Assemblies pledge to mainstream clean energy for cooking Assemblies pledge to mainstream clean energy for cooking
  The Kassena-Nankana Municipal Assembly and the Kassena-Nankana West District Assembly in the Upper East Region have pledged to mainstream clean energy plans for... Assemblies pledge to mainstream clean energy for cooking


The Kassena-Nankana Municipal Assembly and the Kassena-Nankana West District Assembly in the Upper East Region have pledged to mainstream clean energy plans for cooking into their Medium Term Development Plans.

In spite of the fact that 2010 statistics available at the Renewable Energy Unit of the Ministry of Energy revealed that more than 56 per cent of final energy was used for cooking and heating, most of the Municipal and District Assemblies (MDAs) in the region had not factored into their Medium Term Development Plans, clean energy for cooking.

Following advocacy programmes embarked upon by the Organisation for Indigenous Initiatives and Sustainability (ORGIIS), an environment focused Non-Governmental Organization, the aforementioned MDAs have pledged to prioritize clean energy for cooking.

Speaking at separate fora, organised at Navrongo and Paga by the NGO, the Municipal Planning Officer for the Kassena-Nankana Municipal, Mr Andani Iddrisu, thanked the NGO for drawing the attention of the MDAs to the issue and stressed that his outfit would ensure that the area was given special attention in the planning and implementation process of the Assembly.

He expressed the hope that the promotion of cleaner energy for cooking systems such as Liquid Petroleum Gas (LPG) and improved cooking stoves would help address environmental degradation, mitigate climate change and also help curb diseases like Tuberculosis and lung cancers often associated with traditional cooking in the area.

The two District Planning Officers commended SNV, the Netherlands Development Organization for choosing to provide funding support for the implementation of “Voice for Change Partnership Project” which is aimed at implementing the cleaner energy components including; LPG and other improved cooking stoves.

The Gender Officer of the Kassena-Nankana West, Ms Abiba Karim, stated that women and girls had to travel to far distances in search of fuel wood for cooking which she noted often affected the girls’ education.

During forum sessions, the participants who included Assembly Members, District Planning Officers, District Gender Desk Officers, Area Councils Chairs and Traditional rulers, expressed fears about the health problems such as Tuberculosis, Lungs cancer, poor sight, skin diseases associated with the Traditional cook stoves and fuel wood.

They stated that among the major factors that discouraged many people from patronising the improved cooking systems was due to the lack of accessibility, affordability, efficiency and sustainability of the products.

“The benefits of fuel subsidies are hardly enjoyed by the target group as LPG is used by commercial vehicles and Kerosene adulterated with diesel and sold for the price of diesel.

“The high cost of the cooking device and accessories and safety concerns in the case of LPG are also among the major factors that discourage many people from adapting to the improved energy cooking systems”

The Participants called on government to subsidise the clean energy cooking systems and ensure that they reached the most remote rural areas to benefit the targeted people.

They further stated that the current retail model of LPG supply could not ensure increased use of the product throughout the country and stressed the need for it to be repackaged in either water dispenser or coca cola retail model and made available in shops for people to patronise.

The participants further proposed that, the poor majority who could not afford cleaner fuel should be encouraged to use the local energy sources in an efficient and sustainable manner by using modern methods such as improved technologies and techniques.

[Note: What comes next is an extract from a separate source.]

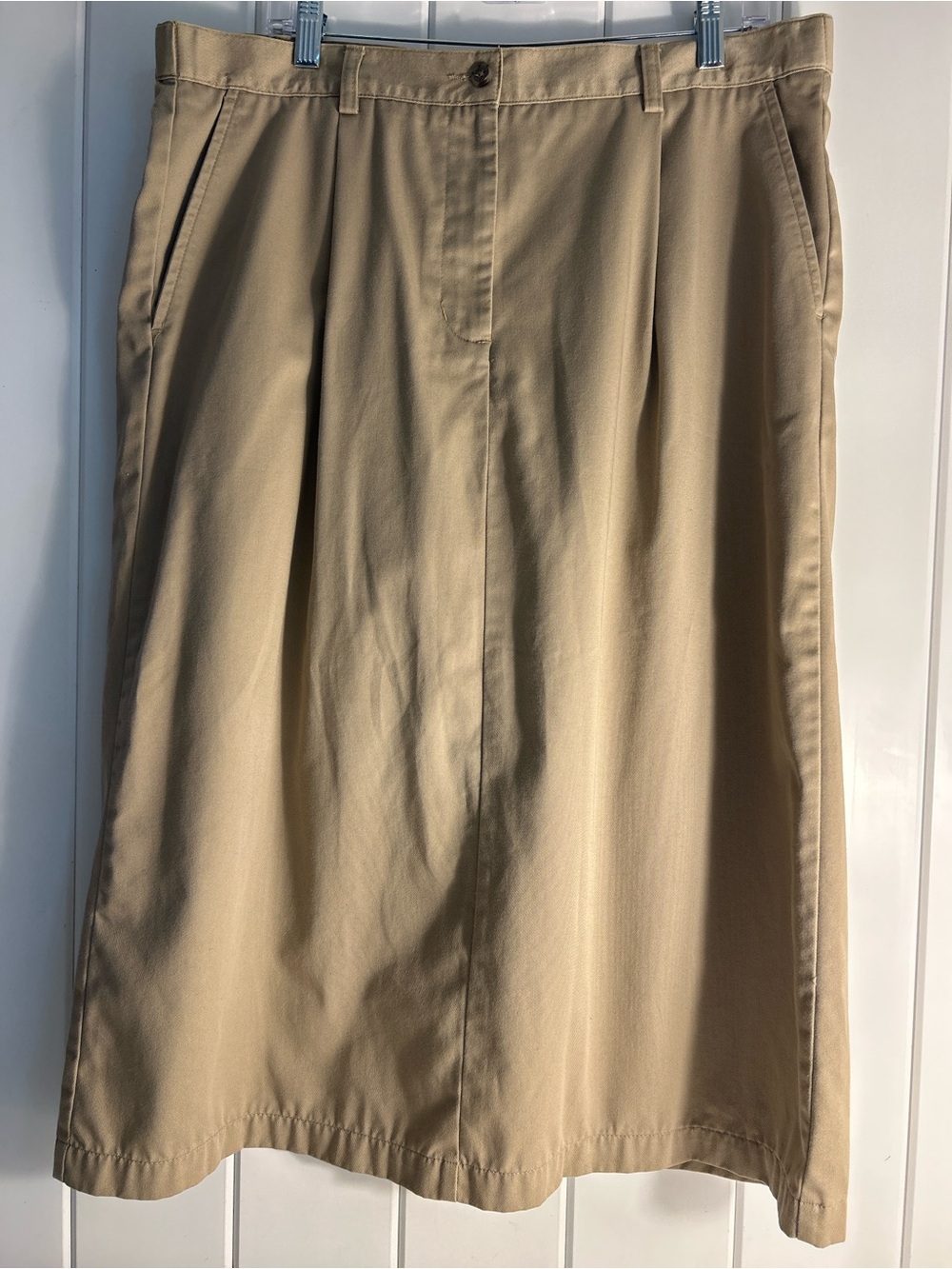 Vintage 90s L.L. Bean Women's 18 Petite Khaki Chino Midi Skirt XLP fits 16 P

While calling for the total removal of subsidies on LPG and using such funds to support LPG devices and accessories to make them affordable, the participants called for the implementation of programmes that would help promote LPG use in the domestic, commercial and public institutions such as schools.

They called for the Institutionalisation of a National Policy to regulate charcoal production, provide alternative livelihoods, tree planting and reforestation, do more education on the use of LPG as well as local NGOs encouraged to embark on sensitisation programmes about the health effects of Traditional cook stoves including safety usage.

Mr Julius Awaregya, the Coordinator of the NGO who called on the MDAs to enact by-laws on the environment stated that research conducted by his outfit and other partners in some selected communities in the two Districts revealed that majority of women were still using cow dung and millet stocks for cooking.

He mentioned some of the communities as Akurugu Dabo, Natognia and Manyoro, Kandiga, Mirigu among others.

He assured the stakeholders that all their inputs would be put together and forwarded to the National Development Commission and the Energy Commission to be considered for implementation.